The Mechanics: How DLC Discounting Works Step by Step

The process follows a defined sequence. Every step matters because the discounting bank is advancing funds against a bank obligation, not against your creditworthiness. Any gap in the document chain creates a risk they will not accept.

  • Step 1: Buyer's bank issues the usance LC. The issuing bank opens an irrevocable usance LC in your favour, specifying the deferred payment period, the required documents, and the presentation terms. The LC is transmitted via SWIFT MT700 to the advising or confirming bank in your country.
  • Step 2: You ship the goods and prepare documents. Once goods are shipped, you assemble the compliant document set: commercial invoice, bill of lading, packing list, inspection certificate, insurance certificate, and any other documents the LC requires. Every document must match the LC terms precisely.

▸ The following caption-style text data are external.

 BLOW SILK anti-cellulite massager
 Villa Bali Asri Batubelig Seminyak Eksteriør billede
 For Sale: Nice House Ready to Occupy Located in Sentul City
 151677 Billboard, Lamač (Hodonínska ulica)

Discrepancies at this stage can make the presentation non-compliant and block discounting entirely.
  • Step 3: You present documents to the nominated or confirming bank. The bank reviews the presentation for compliance under UCP 600. If the documents are compliant, the issuing bank issues a deferred payment undertaking or accepts a time draft, creating a dated, enforceable bank obligation to pay at maturity.
  • Step 4: You request discounting. With the accepted draft or deferred payment undertaking in hand, you approach a discounting bank or lender. They assess the credit quality of the issuing bank, the tenor, the currency, and the document package before quoting a discount rate.
  • Step 5: The discounting bank advances funds. Once approved, the discounting bank pays you the face value of the LC less the discounting charge. You receive cash immediately. The discounting bank holds the receivable and collects the full face value from the issuing bank at maturity.
  • Step 6: Issuing bank settles at maturity. On the due date, the issuing bank remits the full LC value to the discounting bank. The transaction is complete. If the LC was discounted with recourse, you retain contingent liability for issuing bank default. Without recourse, that risk sits entirely with the discounting bank.

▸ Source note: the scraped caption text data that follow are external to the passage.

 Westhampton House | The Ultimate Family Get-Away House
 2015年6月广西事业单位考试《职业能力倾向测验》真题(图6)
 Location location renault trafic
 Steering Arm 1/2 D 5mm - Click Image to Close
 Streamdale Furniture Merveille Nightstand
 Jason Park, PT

Sight LC vs. Usance LC: What Can and Cannot Be Discounted

Understanding this distinction upfront prevents a significant amount of wasted time in lender conversations.

LC Type How Payment Works Can It Be Discounted?
Sight LC Bank pays on compliant presentation of documents. No deferred payment period exists. Payment should follow within the standard banking review period after presentation. No. There is no deferred bank obligation to discount. If payment is delayed, the issue is compliance or operational, not a discounting opportunity.
Usance LC (Deferred Payment) Bank undertakes to pay at a defined future date, for example 60 days after bill of lading date or 90 days after sight. The bank's obligation is dated and enforceable from the moment of acceptance. Yes. The dated bank undertaking is the receivable. A discounting bank advances against it and collects from the issuing bank at maturity.
UPAS LC (Usance Payable At Sight) The seller is paid at sight by the confirming or financing bank. The buyer pays the issuing bank at maturity, effectively getting the credit period. Discounting is structurally built into the product for the seller. Not applicable. The seller already receives sight payment. The financing arrangement sits between the buyer and their bank rather than between the seller and a discounting bank.
Confirmed Usance LC A second bank adds its own payment undertaking to the LC. The confirming bank's obligation exists independently of the issuing bank, providing additional credit protection. Yes, and typically on better terms. Discounting banks treat a confirmed LC as lower risk because the confirming bank's undertaking reduces issuing bank default exposure.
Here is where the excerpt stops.